Man is by nature a social animal; an individual who is unsocial naturally and not accidentally is either beneath our notice or more than human. Society is something that precedes the individual. Anyone who either cannot lead the common life or is so self-sufficient as not to need to, and therefore does not partake of society, is either a beast or a god.” – Aristotle, The Politics.
Fast forward to today, and I haven’t called on my neighbour since before the first Jurassic Park movie came out.
Social media has negatively affected every (formerly) social activity.
I see us capturing moments – beautiful sunrises and breathtaking full moons – through Instagram filters instead of capturing them with our eyes and keeping them in our souls.
We write those moments as Snapchat stories instead of writing them across our hearts, as part of our own stories that are constantly unfolding.
We use the check in button on Facebook to let our friends know where we are and what we’re doing, instead of checking in with a call or catching up with a visit.
We’ve mastered messaging with “abreeves” but forgotten how to carry a face-to-face conversation.
We live tweet sports events from our couch instead of taking a road trip to catch a live sporting event with some friends.
We text acquaintances while we sit around a table with our actual friends.
We don’t notice the love of our life next to us in the cafe because our eyes are down on our phone as we try to find love on Tinder. They walk in and out of our lives while we’re swiping right and left.
We’ve exchanged real friends for followers and lovers for “matches.”

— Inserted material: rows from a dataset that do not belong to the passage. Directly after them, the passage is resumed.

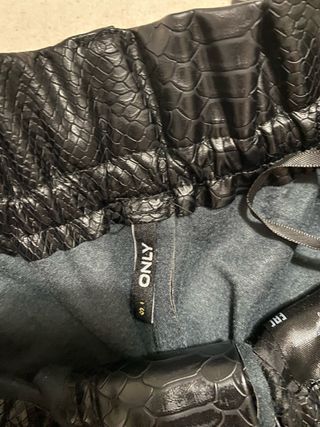 Shorts de piel negros efecto serpiente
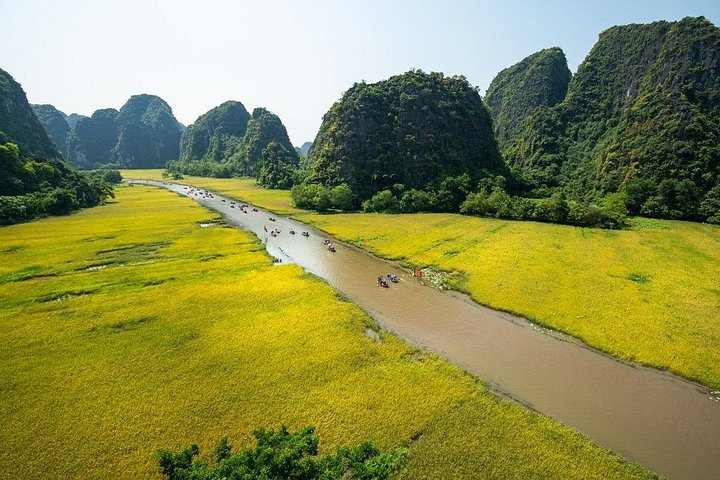 Full-day tour exploring Ninh Binh's heritage sites, including Hoa Lu, Tam Coc, and Mua Cave, from Hanoi, photo 6 | wizardtrip
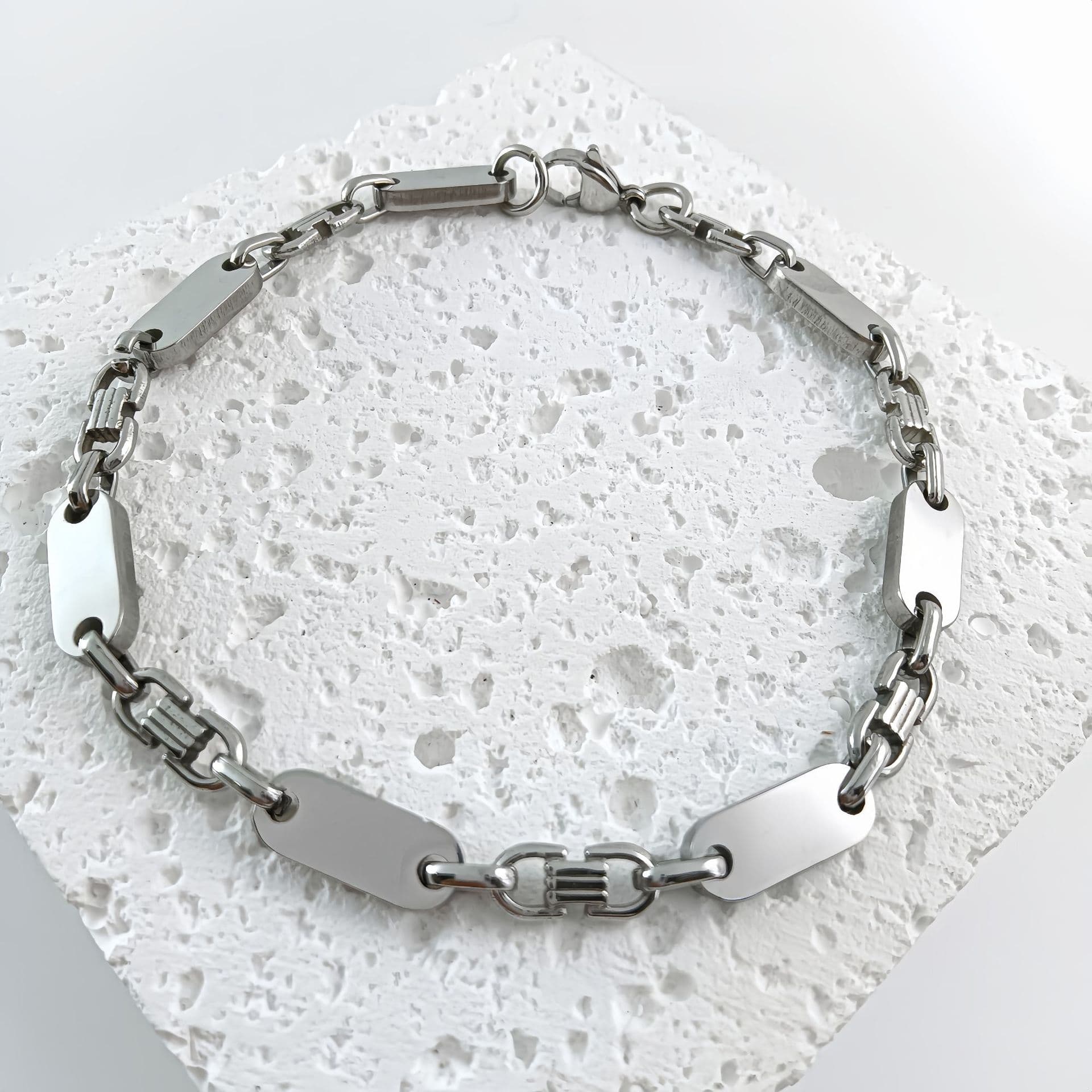 Bijoux pour hommes faits à la main, collier tendance et élégant, chaîne empereur, chaîne à maillons plats en acier inoxydable lisse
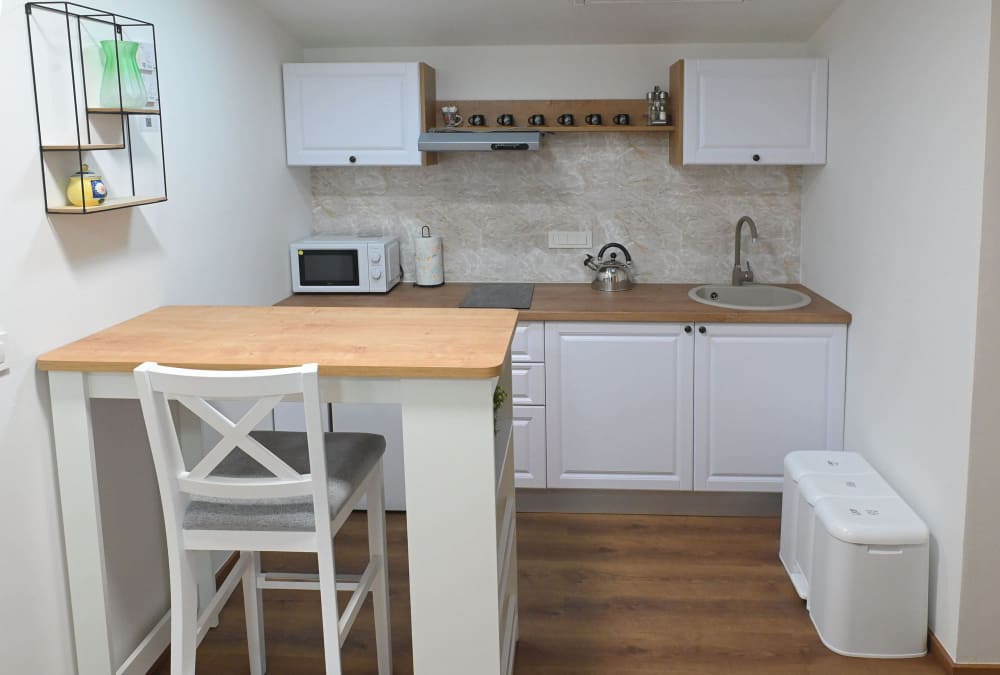 Apartment 6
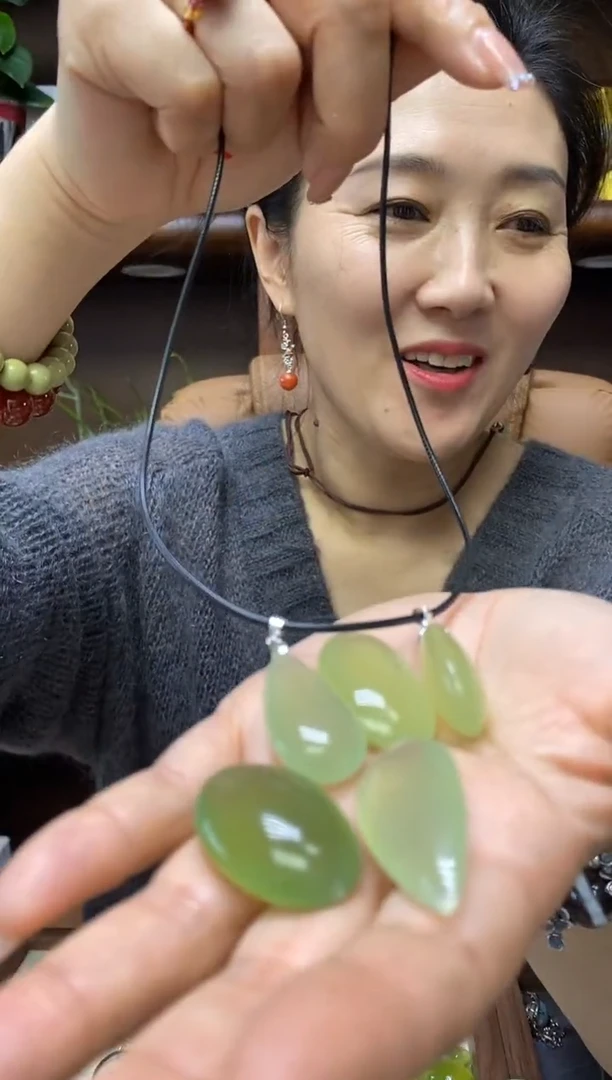 【闪购商品】岫玉吊坠未镶嵌多样性发货其中发一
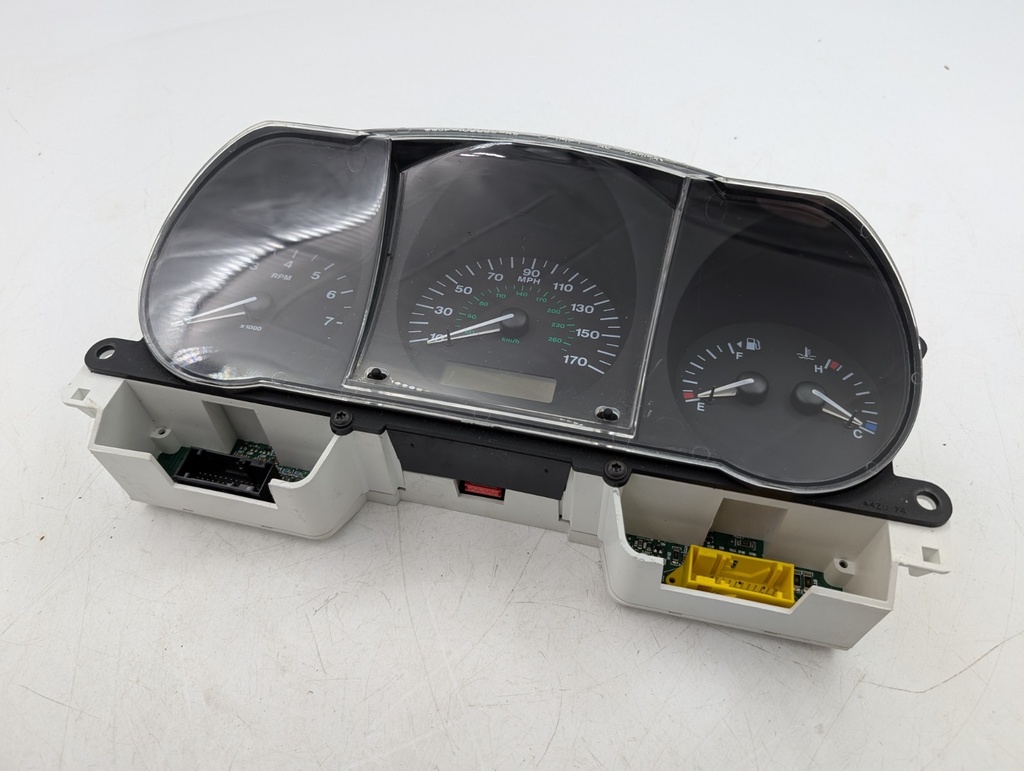 JAGUAR X100 XK8 2002 DASH CLUSTER SPEEDO INSTRUMENTS LJE4300AB/303 85000 MILES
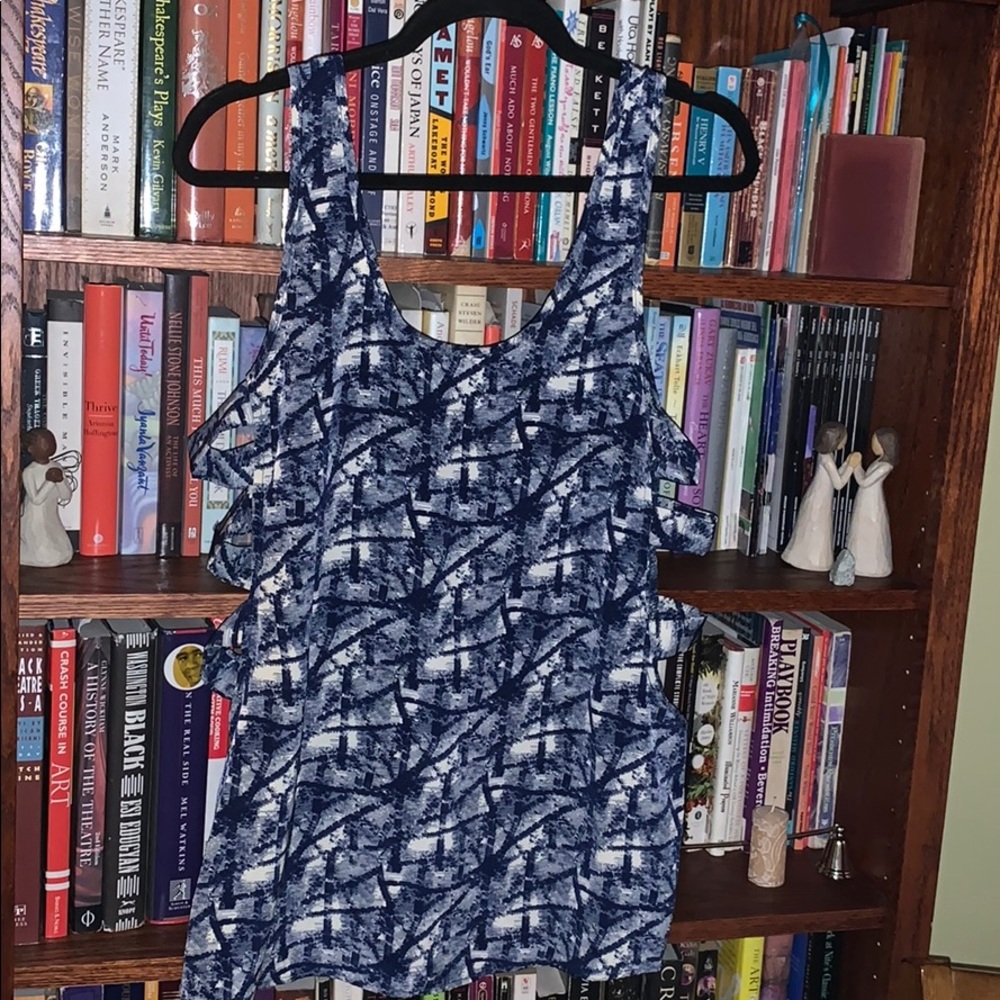Navy & Cream Graphic Tank w/Side Cut Outs - Picture 3 of 5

And yet, don’t we think it’s a little strange that, in a world of nearly seven and a half billion (7 383 900 000) people, so many of us feel like we’re alone?
It’s because we are alone. Every social media platform offers an additional layer to a wall we’re building between ourselves and those around us. Another filter. More paint on our masks.
We’re given the means to limit and skew the images of ourselves that we put out there, and everyone else is doing the same. It becomes a terrifying idea to show people who we really are, so we don’t. Everyone tries to be like everyone else.
We’re creating a world where no one will truly know anyone.
I think that’s a tragic thing, because the greatest protectors of the beautiful uniqueness and natural individuality we possess as humans should be all of us, together.
Governments and, further back, religions have always feared and denounced the individual; the threat to the status quo.
And yet, individuals such as Copernicus, da Vinci, Tesla, Picasso, and Einstein did amazing things by questioning that same status quo, by letting their unique thoughts and feelings be their compass.
They didn’t follow tradition, and we celebrated them for it.

I’m afraid we’re starting to lose that. We’re falling into line.
Not because of fear or oppression – those things could never break our powerful spirit – but because of distraction.
The irony of it all is that I’m communicating this via an outlet that was only born in the age of social media, and sharing it on multiple social media platforms.
I think our advances in technology and our ability to connect with one another is astounding.
I’m thankful for Skype, Instagram, and other means of keeping in touch with all of those that I love and miss at home.
I just think it’s important that in our quest to be more connected, we don’t severe our connection to each other; that we don’t become the snake that eats its own tail.
Recognize each other. Appreciate someone when they do something differently, wear something strange, or embrace their authentic self in any way at all.
You’ll find people start encouraging you to do the same.
And, my God, that will be a beautiful thing.